After I'd repeated this several times, Gilda rose and we retreated to the flagstone patio. Morning Rose hauled Sullivan to his feet and steered him across the lawn to a bench beneath a bower covered with dried vines. Fern sank down in one of the chairs and plucked at the buttons of her coat. Gilda announced she would await the ambulance in the driveway. The sun was above the treetops and shining brightly, but no one seemed in the mood to herald the dawn of the winter solstice by embracing the primacy of the Earth Mother. I most assuredly was not.

Malthea drew me aside. “Do you think it was necessary to summon the police? Nicholas had a heart condition that forced him to retire last year. Isn't it likely that he had an attack and hit his head on the edge of the counter as he fell?”

“All I know is that the police have to be notified in this sort of situation,” I said. “If he had a heart attack, the autopsy will reveal it. Do you know who his next of kin might be?”

“You'll have to ask Fern. She's been renting from him ever since her husband passed away some ten years ago. I myself moved into the duplex only two years ago. I used to live in a little house of my own, but the maintenance became too much of a burden. It was a difficult decision, but I finally sacrificed my view of the cemetery and accepted Nicholas's offer.” Her gaze shifted to the kitchen door. “He was not the most assiduous landlord, but I tried to be tolerant because of his willingness to allow the grove on his property. I do miss my midnight strolls among the headstones and marble cherubim, however, and the ease in which I could join funeral parties during interments.”

I tried not to think how I would have reacted if a figure wrapped in a scarlet cape had appeared out of the fog as Carlton's casket was being lowered. “Did Nicholas live alone?”

“I believe so,” she said.

Roy, who'd disappeared during the transition to the patio, came around the far corner of the house. “I found a broken window in his study. There are footprints in the flower bed, but they're so jumbled I can't tell how many burglars there might have been.”

“Burglars?” said Malthea.

“Looks like it,” he said. “I told him he should have an alarm system put in or get a couple of dogs to patrol the grounds.

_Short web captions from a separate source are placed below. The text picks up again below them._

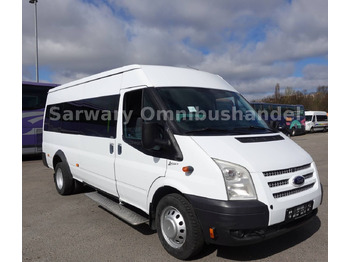 Mikroautobuss FORD Transit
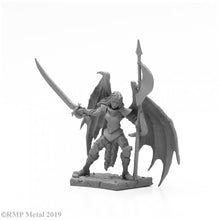Reaper 04002 Battle Sophie (metal)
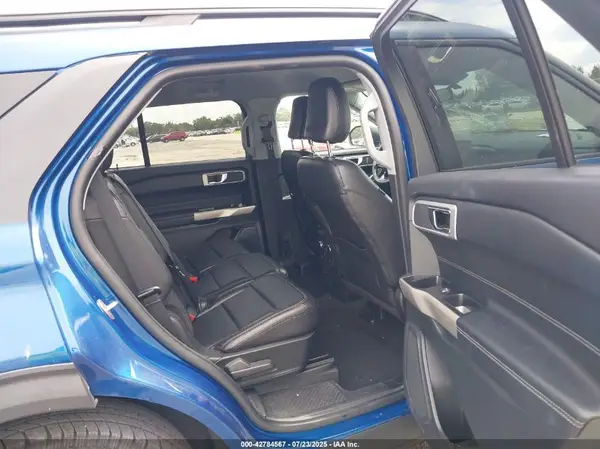 1FMSK7DH2NGB05709 2022 FORD EXPLORER - Image 8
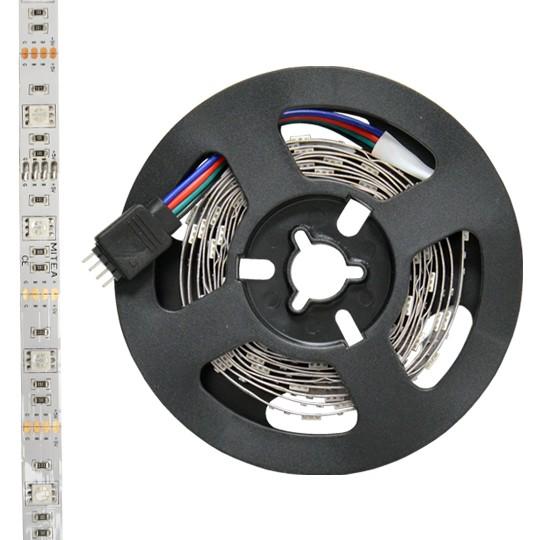 MITEA LIGHTING Set RGB LED traka za TV MLL-5050-30 2m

I mean, a rich old guy living by himself in the middle of nowhere—that's asking for trouble.”

No one refuted his final statement, or did much of anything until Gilda came back to the patio in the company of two paramedics with a gurney and an equal number of uniformed police officers.

One of the officers followed the paramedics into the kitchen, but the other, a shiny-faced boy who looked as if he were Caron's age, stopped and stared at me. His plastic name tag identified him as Corporal B. Billsby.

“I know you, don't I?” he said.

As much as I wanted to resort to nothing more than name, rank, and serial number, I managed a nod. “I believe we encountered each other last summer on Willow Street,” I said coolly. “We were never formally introduced.”

He took off his hat and scratched his head for a moment. “Oh, yeah, you're Lieutenant Rosen's girlfriend—the one who keeps butting into his investigations and trying to get herself killed. One of the dispatchers is keeping a scrapbook.”

“Goodness,” murmured Malthea, sounding awed and to some degree, appalled.

The other officer came to the doorway. “The homicide team's on the way. Keep an eye on things while I go meet the sergeant and let him know what's going on.”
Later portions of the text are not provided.